Greek banks were handed another funding lifeline yesterday as panicking savers continued to withdraw cash from the country’s crippled lenders.

The European Central Bank extended so-called emergency liquidity assistance (ELA) by nearly €1billion to around €89billion – the fourth increase in a week.

Greek banks have become dependent on ECB support as customers worried that the country and its financial system are on the brink of collapse withdraw billions of euros of savings.

But the lifeline could be cut in the coming days – forcing Greek banks to close – if Athens does not secure a deal with its creditors to stop the country defaulting on its debts.

Greece desperately needs to secure €7.2billion of bailout funds to stay afloat but has spent months wrangling with the International Monetary Fund, ECB and European Commission over the reforms required to release the cash.

Athens must repay the IMF €1.6billion by June 30 but cannot afford to do so without additional support – leaving it on the brink of defaulting on its debts and being expelled from eurozone.
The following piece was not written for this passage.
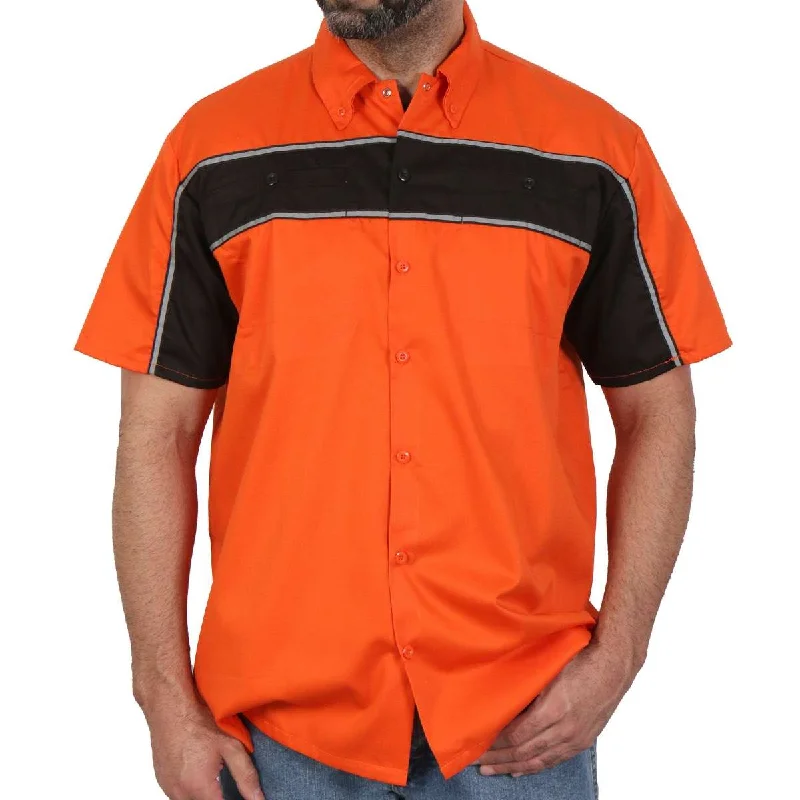 Hot Leathers GMM1007 Men's 2 Tone Striped Orange/Black Button Up Heavy-Duty Work Shirt for | Classic Mechanic Work Shirt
The Greek stock market rose another 6 per cent yesterday having gained 9 per cent on Monday on hopes a deal will be reached. The Greek banking sector was up another 10 per cent following a 21 per cent advance in the previous session.

But the euro fell as low as 70.81p against sterling – making £1 worth €1.4122 – and to below $1.12 against the US dollar. The slump came despite figures showing the eurozone is growing at its fastest pace for four years. ‘The eurozone is weathering the Greek storm relatively well,’ said Markit’s analysts.